Open Journal of Obstetrics and Gynecology
Vol.08 No.03(2018), Article ID:83536,10 pages

Trends of Macrosomia at University Clinics of Kinshasa

Mbangama-Muela Andy*, Mulumba Kapuku Sylvain, Tozin Rahma Rachid, Lumaya Ambis Joëlle, Tandu-Umba Barthélémy, Mbungu Mwimba Roger, Lokomba Bolamba Vicky, Mbanzulu Pita Damien

Department of Obstetrics and Gynaecology, University Clinics, Kinshasa, DR Congo

Copyright © 2018 by authors and Scientific Research Publishing Inc.

This work is licensed under the Creative Commons Attribution International License (CC BY 4.0).
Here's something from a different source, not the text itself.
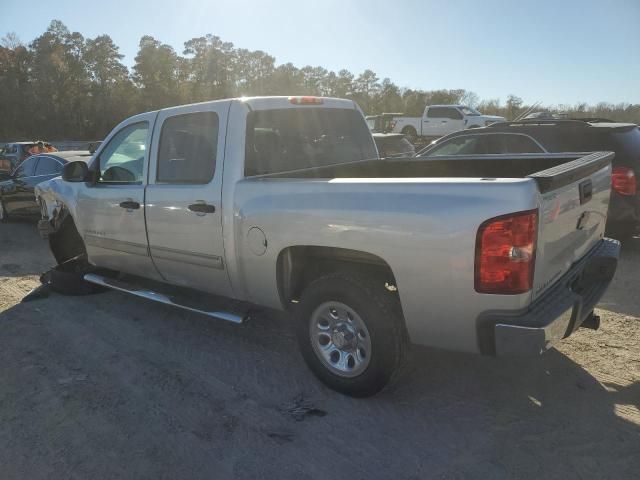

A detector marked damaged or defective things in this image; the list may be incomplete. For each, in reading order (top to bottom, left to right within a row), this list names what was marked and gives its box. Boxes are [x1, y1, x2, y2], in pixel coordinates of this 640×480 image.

exposed front wheel well [276, 246, 398, 310]
crumpled front bumper [480, 238, 620, 354]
Received: February 23, 2018; Accepted: March 27, 2018; Published: March 30, 2018


Context. The prevalence of macrosomia varies through the world according to racial and ethnic factors, life style and importance of non communicable diseases (maternal obesity, diabetes-gestational and type 2), post-term gestation and multiparity. At the University Clinics of Kinshasa (UCK), 30 years ago, the frequency of macrosomia was 2.4%. Objectives. To update data on the frequency of macrosomia at UCK, regarding variations in maternal anthropometrics (obesity) and socio-demographic factors. Methods. A cross-sectional study was conducted at UCK from 1 January 2007 to 31 December 2016. Mothers who delivered babies weighing at least 4000 g were included in this study. Results. The frequency of macrosomia was 3.7%. Trend shows a variation of this frequency over time with lowest frequency (2.1%) in 2012 and highest (5.3%) in 2009. The mother average age and parity were 32.3 ± 5.4 years and 3 ± 2, respectively. Pregnancies were complicated by polyhydramnios (48%) and gestational diabetes (19.7%). Caesarean section was performed in 60.5% cases, mainly for macrosomia (47.8%) and 81.6% of newborns had constitutional macrosomia. Adverse obstetrical outcomes of macrosomia were dominated by caesarean section (28.9%), lacerations of birth canal (23%) and neonatal distress (9.2%). Conclusion. Macrosomia remains a constant finding at UCK, and is associated with maternal, fetal and neonatal adverse outcomes. Trend shows a variation of the frequency over time between 2.1% and 5.3%.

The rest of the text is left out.